Their research is likely to be one of the first discoveries in a new chapter of vulnerabilities and attacks directed at the so-called Internet of Things, the billions of products, machinery and infrastructure expected to come online in the next five years. A report from Verizon found that 14 carmakers accounted for 80 percent of the worldwide auto market, and each had a connected-car strategy.

Last year, the researchers bought a Jeep that came with a car stereo head unit, which offers a radio display, traffic and navigation system, and in this case, connected to the Internet through a hardware chip that provides a wireless and a cellular network connection.

Miller and Valasek discovered a vulnerability in that chip that allowed them to scan the Internet for affected vehicles, hack into the car stereo head unit and run their own code. In the process, they were able to change the radio station and adjust the air-conditioning but not too much more.
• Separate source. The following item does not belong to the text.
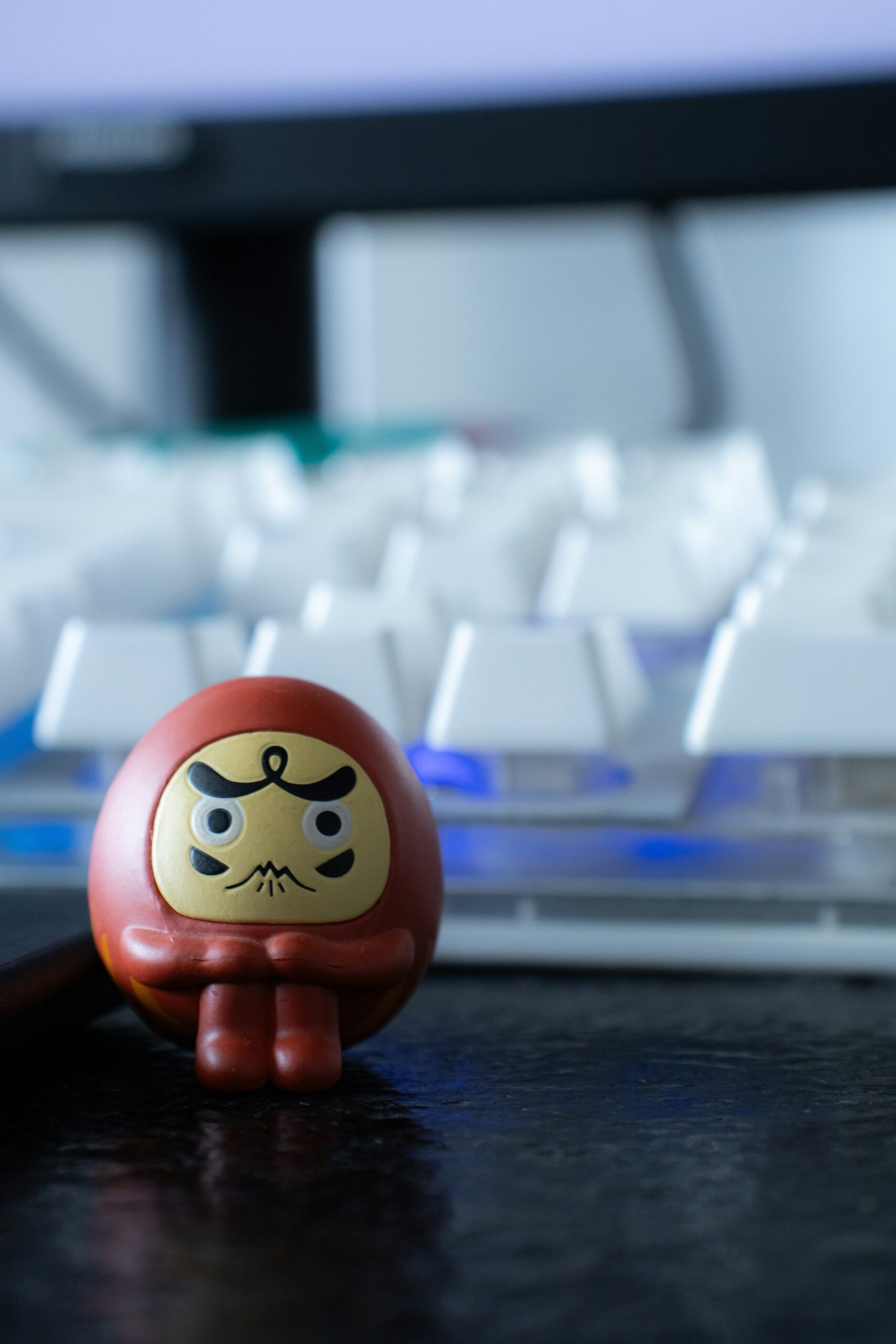 rafael-otaki-M1AI-V5yLqU-unsplash | mindboost.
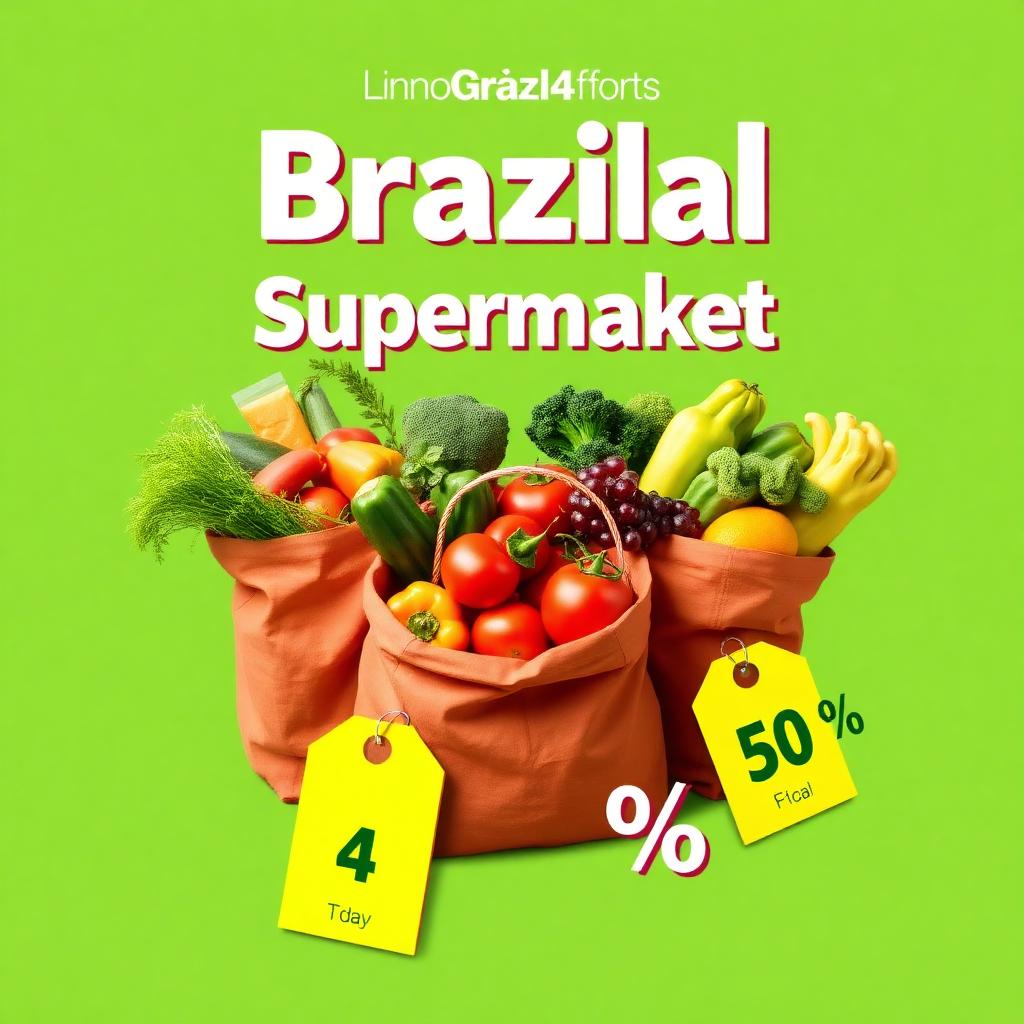 Ofertas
It took another few months, but they found a way to crawl from the vulnerable wireless access chip to another chip in the same head unit that controlled the cars’ electronics. Once they did that, they could control the car’s locks, windshield wipers, speedometer, lights and blinkers, and even engage and disengage the brakes and steering, so long as the car was driving at sufficiently slow speeds (around 6 mph or less ) - all from the Internet.

“I have done a lot of research, but this is the first time I’ve been truly freaked out,” Miller said. “When I could hack into a car in Nebraska driving down the freeway, I had that feeling, 'I shouldn’t be able to do this.'”

Working with Andy Greenberg from Wired.com, the pair were able to take control of the Jeep Cherokee he was driving on a highway in St Louis, Missouri, causing the engine to cut out and applying the brakes on the car, sending the vehicle into a spin.   Mr Greenberg wrote: “The most disturbing manoeuvre came when they cut the Jeep’s brakes, leaving me frantically pumping the pedal as the 2-ton SUV slid uncontrollably into a ditch.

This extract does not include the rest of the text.